#### [EXERCISE DESCRIPTION]
The whole listing, apart from its images, should be restated word for word.

#### [DATASET SECTION]
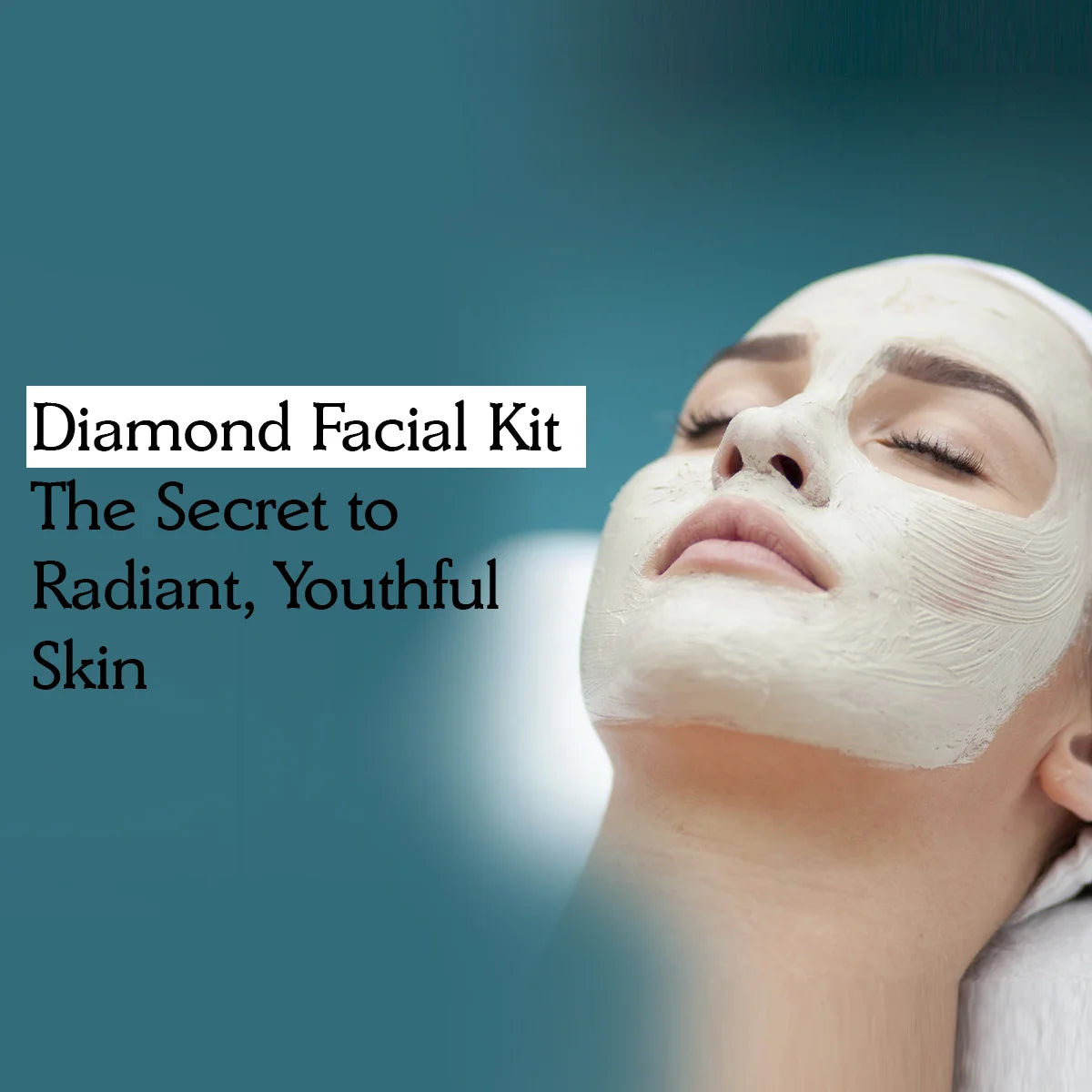 OxyGlow Herbals Diamond Facial Kit | Rejuvenate Skin | Prevent Wrinkles & Fine Lines | Enriched with Jojoba Oil | Suitable for All Skin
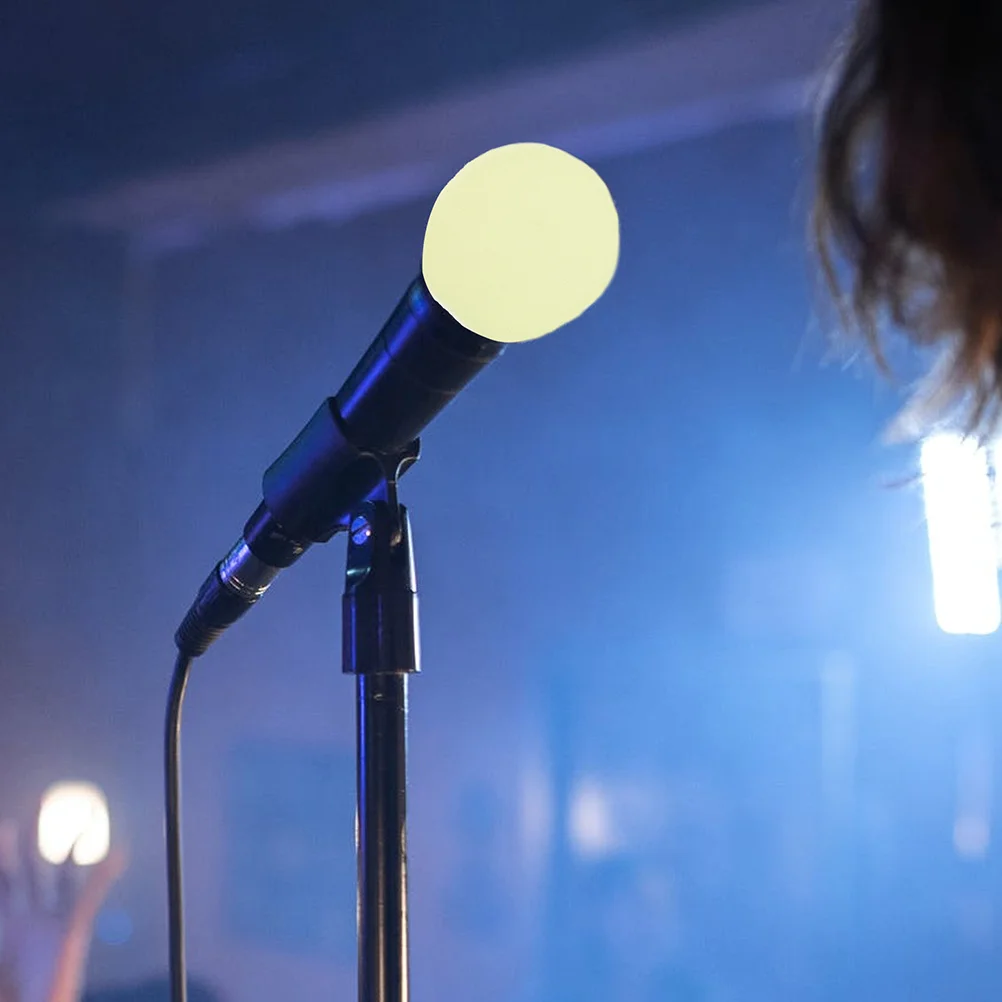 

10Pcs Mic Covers Foam Material Protective Easy Use Good Elasticity Conference Room News Interviews Microphone Cover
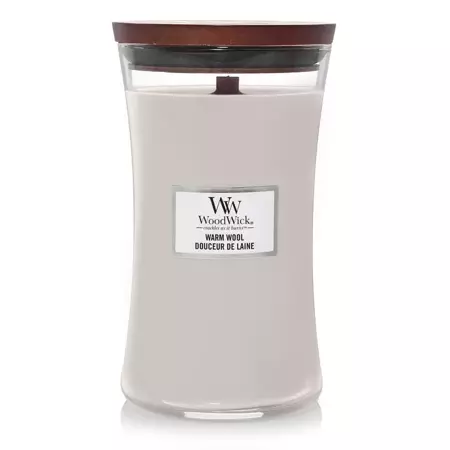 Woodwick Warm Wool Large Candle - afbeelding 1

#### [ANSWER TO THE PROBLEM]
 OxyGlow Herbals Diamond Facial Kit | Rejuvenate Skin | Prevent Wrinkles & Fine Lines | Enriched with Jojoba Oil | Suitable for All Skin

10Pcs Mic Covers Foam Material Protective Easy Use Good Elasticity Conference Room News Interviews Microphone Cover
 Woodwick Warm Wool Large Candle - afbeelding 1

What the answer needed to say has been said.